I believe in the purpose-built device. As opposed, you see, to the all-purpose device. I find great pleasure and utility in having a Kindle that is built for reading. Sure, I could read e-books on my phone or my computer screen, but that's not what those devices were built for, and so reading long passages on them has significant drawbacks. If I value reading, then I don't want to struggle through the compromise it takes it read on a device that will present e-books, but not well. I want a purpose-built device so that it disappears and doesn't constitute a barrier to my work.
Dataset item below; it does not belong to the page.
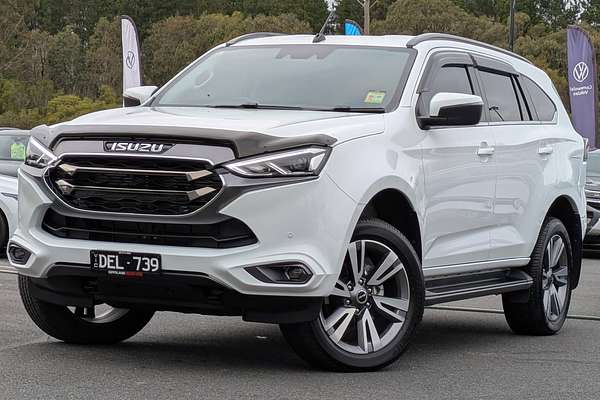 2024 Isuzu MU-X LS-T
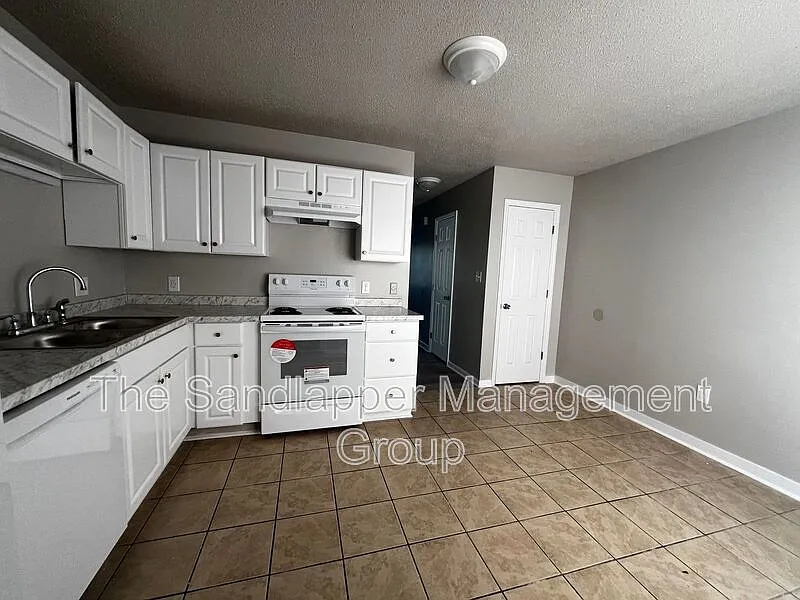 2 bed, 1.5 bath, 1000 sqft, $1,900 — Photo 4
For years now I've had a tablet PC at work. I insist on it because there are six times a year, at minimum, that nothing other than tablet technology will do. Those are the three student essays I typically need to grade every semester. I want to receive the papers electronically and give them back electronically. And although I could type up my comments or use Word's track-changes feature to interpose them, I find this process extremely clunky. I just want to write on the page, cross out things, add things, bracket things, make marginal notes. And so only a tablet will do.
I like my tablet PC (Lenovo's X series of ThinkPad tablets) just fine. But my current X200 died for the second time today, the predictable victim of connections through the swiveling hinge. I can always tell when I'm in trouble -- the swivel suddenly becomes difficult, and after pushing the screen into place, a few days later, the tablet pen won't move the cursor anymore.
So I took it to the help desk, and I expect to get it back with a new motherboard again in a few days. But it's made me wonder whether the hybrid nature of the tablet PC (it's both a laptop and a tablet) makes it especially vulnerable to this problem -- and whether it is almost time to go with a new purpose-built device for this important task of grading essays in a natural, speedy, and paperless way. I wonder whether it is time to get an iPad.
A few weeks ago I did some poking around to see if any teachers were grading papers on the iPad, and I saw that some people have cobbled together little ad hoc suites of apps that annotate PDFs or Pages documents. I don't want to spend time inventing something, really. I just want to grab a tablet and write on a paper that I can then send back to the student in a form they can read.
How about it, iPad owners and instructor or editor types? Are you using the iPad to mark up text? How do you do it, and do you think this use of the device is ready for prime time?